[[ Source information, beginning ]]
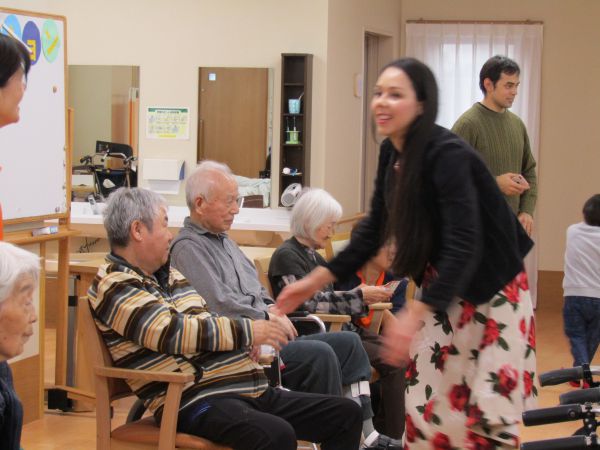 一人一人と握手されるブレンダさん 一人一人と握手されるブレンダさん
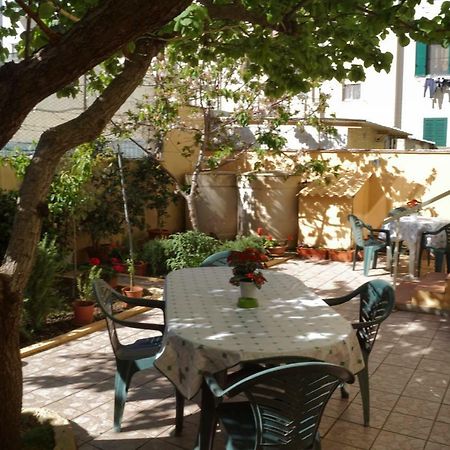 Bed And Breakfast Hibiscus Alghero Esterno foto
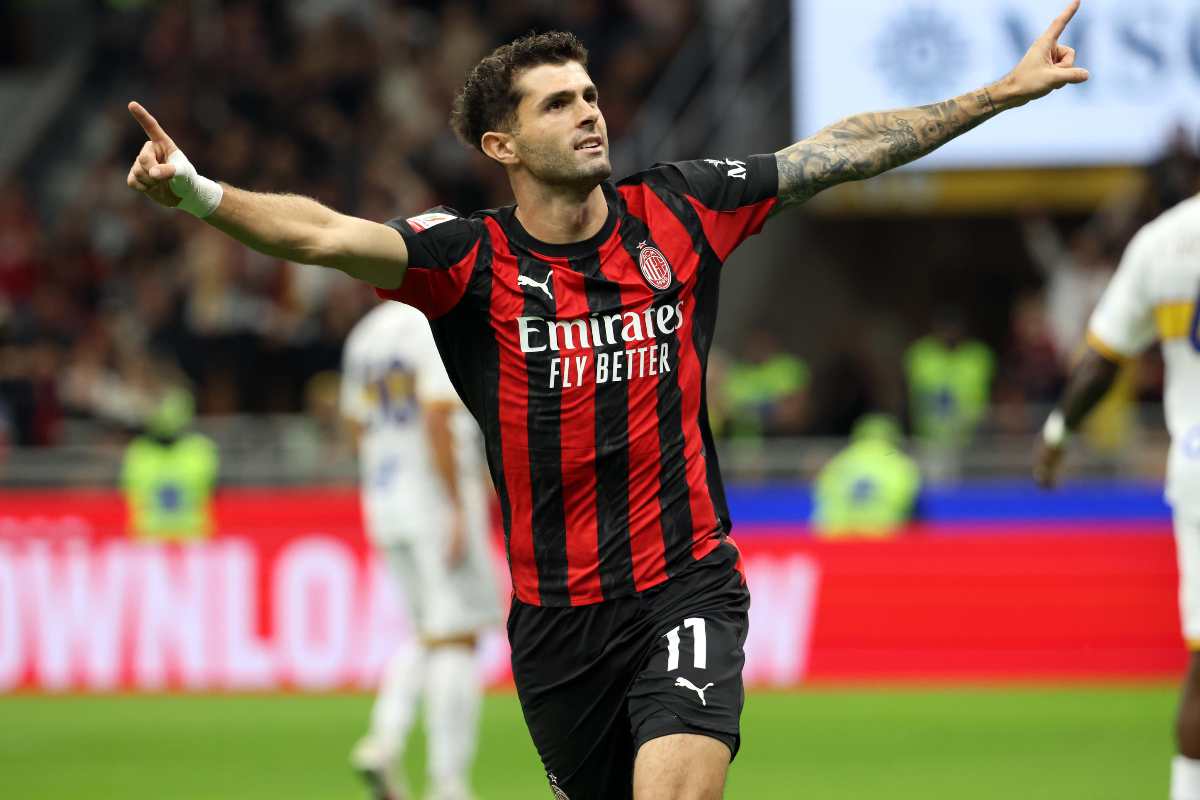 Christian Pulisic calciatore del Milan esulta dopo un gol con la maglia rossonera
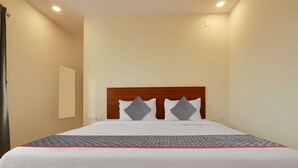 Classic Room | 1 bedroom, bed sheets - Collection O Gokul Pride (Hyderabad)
[[ Source information, end ]]
[[ Source information, beginning ]]
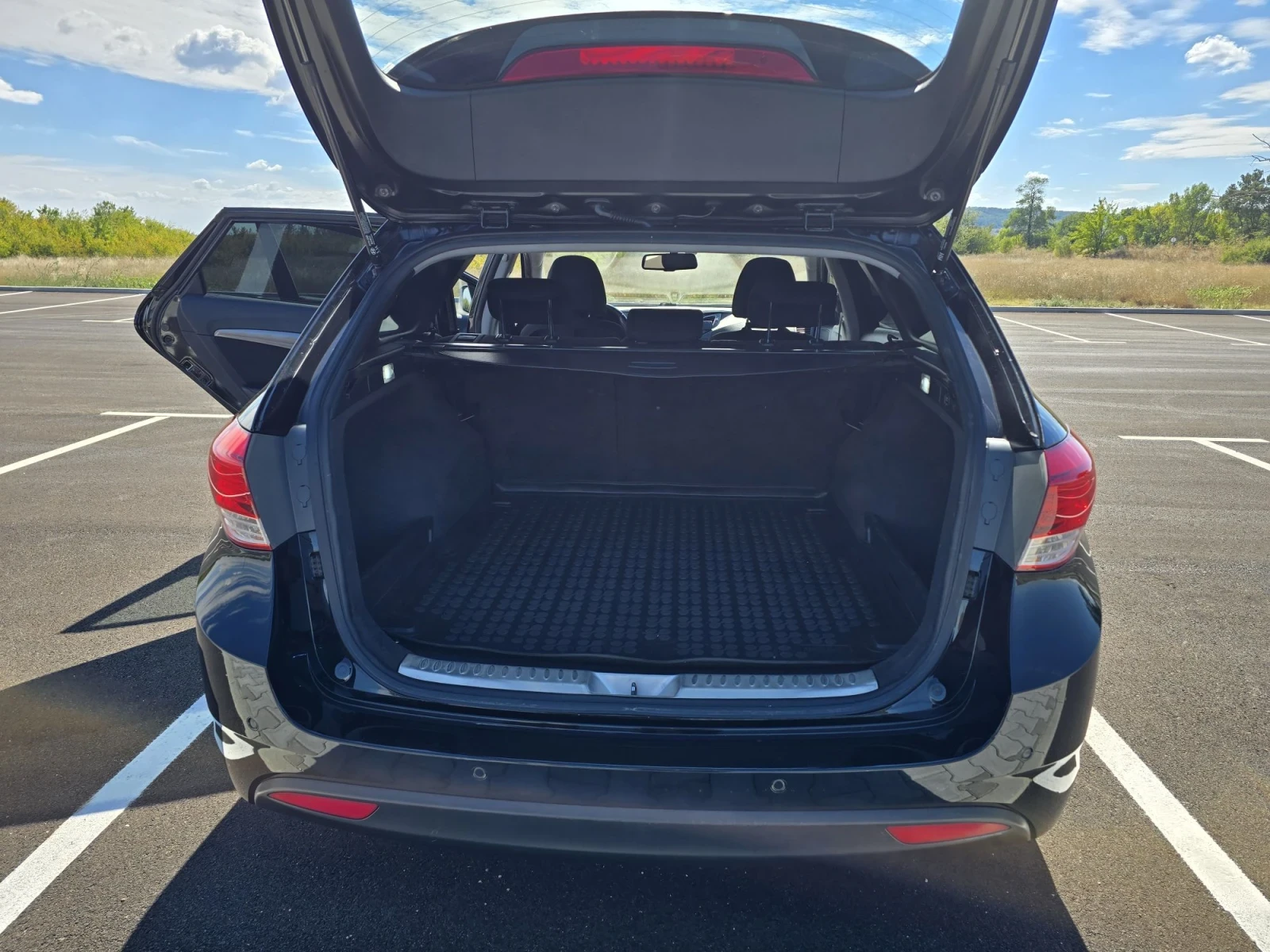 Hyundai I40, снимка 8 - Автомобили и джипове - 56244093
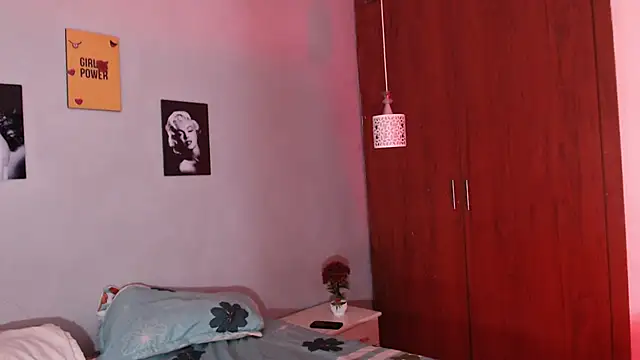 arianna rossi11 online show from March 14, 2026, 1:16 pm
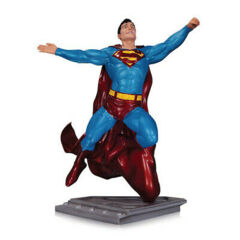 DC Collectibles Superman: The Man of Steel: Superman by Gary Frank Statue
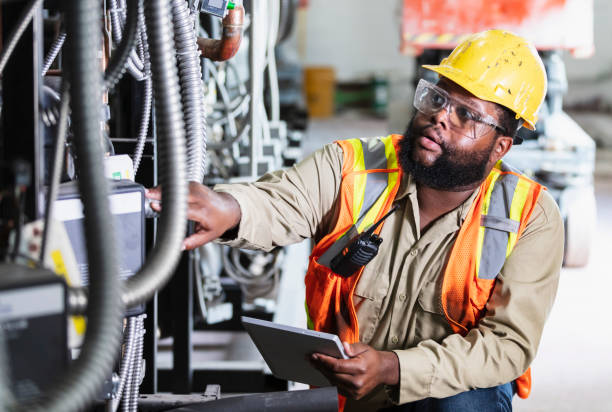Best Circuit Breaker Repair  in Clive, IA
[[ Source information, end ]]
Work item = What you write must match the listing exactly, from the line with "DC Collectibles Superman: The" up to and including the line with "Best Circuit Breaker". Pictures stay out.

Task response =
 DC Collectibles Superman: The Man of Steel: Superman by Gary Frank Statue
Best Circuit Breaker Repair  in Clive, IA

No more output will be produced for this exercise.